=== Entries provided ===

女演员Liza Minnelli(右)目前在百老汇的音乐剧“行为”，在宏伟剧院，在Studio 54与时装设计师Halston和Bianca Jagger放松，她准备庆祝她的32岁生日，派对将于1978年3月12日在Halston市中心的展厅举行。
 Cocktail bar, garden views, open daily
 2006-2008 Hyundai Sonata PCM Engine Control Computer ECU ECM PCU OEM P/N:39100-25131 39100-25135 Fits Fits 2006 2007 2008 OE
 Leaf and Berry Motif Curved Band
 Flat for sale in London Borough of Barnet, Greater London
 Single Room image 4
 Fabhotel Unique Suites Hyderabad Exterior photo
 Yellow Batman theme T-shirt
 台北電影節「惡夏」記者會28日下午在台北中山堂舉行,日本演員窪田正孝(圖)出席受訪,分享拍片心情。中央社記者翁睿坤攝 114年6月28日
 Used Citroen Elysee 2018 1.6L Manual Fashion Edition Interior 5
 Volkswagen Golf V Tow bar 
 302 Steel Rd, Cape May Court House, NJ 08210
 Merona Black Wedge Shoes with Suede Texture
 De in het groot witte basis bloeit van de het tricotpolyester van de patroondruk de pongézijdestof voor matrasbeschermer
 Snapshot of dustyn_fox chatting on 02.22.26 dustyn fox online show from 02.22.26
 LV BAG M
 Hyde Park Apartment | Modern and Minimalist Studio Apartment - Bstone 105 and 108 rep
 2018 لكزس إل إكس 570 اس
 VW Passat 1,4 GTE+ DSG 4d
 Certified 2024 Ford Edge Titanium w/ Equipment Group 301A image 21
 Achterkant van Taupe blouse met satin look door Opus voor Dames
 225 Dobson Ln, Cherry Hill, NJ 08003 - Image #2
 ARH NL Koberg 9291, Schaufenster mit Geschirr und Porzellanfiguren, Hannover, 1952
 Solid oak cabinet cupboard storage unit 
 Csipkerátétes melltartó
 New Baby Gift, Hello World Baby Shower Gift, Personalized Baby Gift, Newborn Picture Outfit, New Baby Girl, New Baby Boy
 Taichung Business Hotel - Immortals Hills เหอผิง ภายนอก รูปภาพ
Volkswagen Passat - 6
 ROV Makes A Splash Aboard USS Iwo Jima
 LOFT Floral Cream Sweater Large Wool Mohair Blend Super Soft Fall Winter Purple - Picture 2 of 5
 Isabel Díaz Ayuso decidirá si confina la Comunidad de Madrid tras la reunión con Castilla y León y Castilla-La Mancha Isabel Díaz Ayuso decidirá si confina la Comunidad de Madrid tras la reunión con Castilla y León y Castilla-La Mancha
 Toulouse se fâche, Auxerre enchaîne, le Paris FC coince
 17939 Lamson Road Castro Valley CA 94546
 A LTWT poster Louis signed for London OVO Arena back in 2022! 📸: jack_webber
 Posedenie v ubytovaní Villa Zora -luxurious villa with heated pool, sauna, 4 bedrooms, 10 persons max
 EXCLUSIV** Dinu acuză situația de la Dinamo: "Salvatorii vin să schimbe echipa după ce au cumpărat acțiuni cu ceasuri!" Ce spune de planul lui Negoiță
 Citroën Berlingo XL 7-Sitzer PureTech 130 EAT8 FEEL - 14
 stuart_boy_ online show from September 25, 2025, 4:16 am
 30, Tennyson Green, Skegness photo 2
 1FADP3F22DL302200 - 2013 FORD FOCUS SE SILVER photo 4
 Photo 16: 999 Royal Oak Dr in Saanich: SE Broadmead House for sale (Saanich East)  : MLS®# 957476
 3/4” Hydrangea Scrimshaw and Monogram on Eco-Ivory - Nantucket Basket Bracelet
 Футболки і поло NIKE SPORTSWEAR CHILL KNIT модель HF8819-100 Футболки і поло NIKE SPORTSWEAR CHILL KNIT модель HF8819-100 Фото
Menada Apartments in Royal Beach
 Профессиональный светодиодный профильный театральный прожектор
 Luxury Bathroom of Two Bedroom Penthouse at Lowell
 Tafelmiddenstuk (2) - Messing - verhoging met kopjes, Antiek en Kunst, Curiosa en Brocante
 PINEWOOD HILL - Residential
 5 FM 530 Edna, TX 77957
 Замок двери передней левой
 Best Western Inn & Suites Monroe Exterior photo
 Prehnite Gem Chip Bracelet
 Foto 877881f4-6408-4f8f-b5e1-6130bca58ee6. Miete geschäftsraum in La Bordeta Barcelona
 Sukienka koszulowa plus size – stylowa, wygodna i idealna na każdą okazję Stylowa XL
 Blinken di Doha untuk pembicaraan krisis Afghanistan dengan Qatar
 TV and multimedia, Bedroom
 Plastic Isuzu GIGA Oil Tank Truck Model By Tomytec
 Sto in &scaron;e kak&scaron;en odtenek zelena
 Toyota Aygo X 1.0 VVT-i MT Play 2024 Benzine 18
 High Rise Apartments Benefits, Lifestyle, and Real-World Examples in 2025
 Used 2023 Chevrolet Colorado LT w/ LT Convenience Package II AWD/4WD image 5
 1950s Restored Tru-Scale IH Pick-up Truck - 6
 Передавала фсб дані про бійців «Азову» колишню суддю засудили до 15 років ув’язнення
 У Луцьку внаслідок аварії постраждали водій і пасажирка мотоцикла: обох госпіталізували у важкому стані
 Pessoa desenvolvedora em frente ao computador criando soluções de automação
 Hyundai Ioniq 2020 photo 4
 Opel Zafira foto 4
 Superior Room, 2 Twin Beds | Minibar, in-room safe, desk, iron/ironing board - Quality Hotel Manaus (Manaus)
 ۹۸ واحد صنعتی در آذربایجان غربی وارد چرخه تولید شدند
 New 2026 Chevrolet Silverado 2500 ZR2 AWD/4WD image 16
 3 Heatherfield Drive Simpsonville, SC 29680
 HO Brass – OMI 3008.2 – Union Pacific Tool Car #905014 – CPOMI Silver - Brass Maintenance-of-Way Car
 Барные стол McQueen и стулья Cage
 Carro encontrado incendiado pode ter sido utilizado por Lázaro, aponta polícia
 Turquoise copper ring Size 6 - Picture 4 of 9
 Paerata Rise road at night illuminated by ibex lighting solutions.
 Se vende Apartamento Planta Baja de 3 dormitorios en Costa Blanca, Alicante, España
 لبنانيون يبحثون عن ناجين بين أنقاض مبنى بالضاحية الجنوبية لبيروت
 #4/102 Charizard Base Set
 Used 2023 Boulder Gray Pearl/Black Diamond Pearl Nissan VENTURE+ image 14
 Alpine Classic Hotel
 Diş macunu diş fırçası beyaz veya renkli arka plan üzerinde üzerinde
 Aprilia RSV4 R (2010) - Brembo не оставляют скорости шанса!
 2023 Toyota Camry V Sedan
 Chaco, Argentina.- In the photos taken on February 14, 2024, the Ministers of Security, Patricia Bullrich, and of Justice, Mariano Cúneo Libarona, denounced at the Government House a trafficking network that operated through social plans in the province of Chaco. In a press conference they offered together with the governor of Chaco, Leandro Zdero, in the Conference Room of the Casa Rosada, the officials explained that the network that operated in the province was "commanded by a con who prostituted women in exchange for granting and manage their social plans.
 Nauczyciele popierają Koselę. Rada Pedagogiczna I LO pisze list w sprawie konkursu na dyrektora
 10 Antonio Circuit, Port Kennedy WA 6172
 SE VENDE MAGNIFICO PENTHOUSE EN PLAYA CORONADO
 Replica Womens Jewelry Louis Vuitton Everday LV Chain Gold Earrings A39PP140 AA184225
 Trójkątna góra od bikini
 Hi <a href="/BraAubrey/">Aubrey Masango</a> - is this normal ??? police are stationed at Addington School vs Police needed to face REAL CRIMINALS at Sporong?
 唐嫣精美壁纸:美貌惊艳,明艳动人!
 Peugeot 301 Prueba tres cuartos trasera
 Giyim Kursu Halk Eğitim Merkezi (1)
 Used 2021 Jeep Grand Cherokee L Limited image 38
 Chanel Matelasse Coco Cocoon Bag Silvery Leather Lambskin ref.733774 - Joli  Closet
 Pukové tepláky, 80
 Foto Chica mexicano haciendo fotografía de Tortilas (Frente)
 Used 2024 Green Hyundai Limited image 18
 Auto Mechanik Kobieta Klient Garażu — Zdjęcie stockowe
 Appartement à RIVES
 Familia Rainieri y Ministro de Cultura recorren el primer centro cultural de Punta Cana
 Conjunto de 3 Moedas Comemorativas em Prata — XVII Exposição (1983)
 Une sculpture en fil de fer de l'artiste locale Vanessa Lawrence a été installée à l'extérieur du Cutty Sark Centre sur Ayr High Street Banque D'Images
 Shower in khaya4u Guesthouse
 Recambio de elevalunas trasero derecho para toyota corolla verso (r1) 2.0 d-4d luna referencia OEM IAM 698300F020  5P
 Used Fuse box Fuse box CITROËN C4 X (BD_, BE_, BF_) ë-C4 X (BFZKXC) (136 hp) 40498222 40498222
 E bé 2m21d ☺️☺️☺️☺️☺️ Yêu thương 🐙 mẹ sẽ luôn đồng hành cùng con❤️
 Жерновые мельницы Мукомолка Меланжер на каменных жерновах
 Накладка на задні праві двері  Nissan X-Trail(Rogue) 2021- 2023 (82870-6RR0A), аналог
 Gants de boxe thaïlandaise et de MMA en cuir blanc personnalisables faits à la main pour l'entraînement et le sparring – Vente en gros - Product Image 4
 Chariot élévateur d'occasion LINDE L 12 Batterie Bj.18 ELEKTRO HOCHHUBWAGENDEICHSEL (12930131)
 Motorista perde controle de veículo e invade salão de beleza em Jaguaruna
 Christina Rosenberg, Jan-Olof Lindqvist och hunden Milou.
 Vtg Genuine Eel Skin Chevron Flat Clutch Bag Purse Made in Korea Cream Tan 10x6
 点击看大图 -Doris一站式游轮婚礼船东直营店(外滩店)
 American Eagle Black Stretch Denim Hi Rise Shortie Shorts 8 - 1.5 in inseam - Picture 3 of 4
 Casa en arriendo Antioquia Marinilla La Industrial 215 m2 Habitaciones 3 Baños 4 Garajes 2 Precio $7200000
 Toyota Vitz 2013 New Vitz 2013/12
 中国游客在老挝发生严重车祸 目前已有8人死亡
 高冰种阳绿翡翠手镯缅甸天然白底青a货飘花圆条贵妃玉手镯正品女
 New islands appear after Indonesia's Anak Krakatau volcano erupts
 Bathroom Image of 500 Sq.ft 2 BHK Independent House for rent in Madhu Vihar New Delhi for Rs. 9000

===

◆ Description of the task: Taking the lines above, repeat exactly those from the line that contains "Chanel Matelasse Coco" through the line that contains "Chariot élévateur d'occasion", and both of those lines as well. Include nothing else.

◆ Completed exercise:
 Chanel Matelasse Coco Cocoon Bag Silvery Leather Lambskin ref.733774 - Joli  Closet
 Pukové tepláky, 80
 Foto Chica mexicano haciendo fotografía de Tortilas (Frente)
 Used 2024 Green Hyundai Limited image 18
 Auto Mechanik Kobieta Klient Garażu — Zdjęcie stockowe
 Appartement à RIVES
 Familia Rainieri y Ministro de Cultura recorren el primer centro cultural de Punta Cana
 Conjunto de 3 Moedas Comemorativas em Prata — XVII Exposição (1983)
 Une sculpture en fil de fer de l'artiste locale Vanessa Lawrence a été installée à l'extérieur du Cutty Sark Centre sur Ayr High Street Banque D'Images
 Shower in khaya4u Guesthouse
 Recambio de elevalunas trasero derecho para toyota corolla verso (r1) 2.0 d-4d luna referencia OEM IAM 698300F020  5P
 Used Fuse box Fuse box CITROËN C4 X (BD_, BE_, BF_) ë-C4 X (BFZKXC) (136 hp) 40498222 40498222
 E bé 2m21d ☺️☺️☺️☺️☺️ Yêu thương 🐙 mẹ sẽ luôn đồng hành cùng con❤️
 Жерновые мельницы Мукомолка Меланжер на каменных жерновах
 Накладка на задні праві двері  Nissan X-Trail(Rogue) 2021- 2023 (82870-6RR0A), аналог
 Gants de boxe thaïlandaise et de MMA en cuir blanc personnalisables faits à la main pour l'entraînement et le sparring – Vente en gros - Product Image 4
 Chariot élévateur d'occasion LINDE L 12 Batterie Bj.18 ELEKTRO HOCHHUBWAGENDEICHSEL (12930131)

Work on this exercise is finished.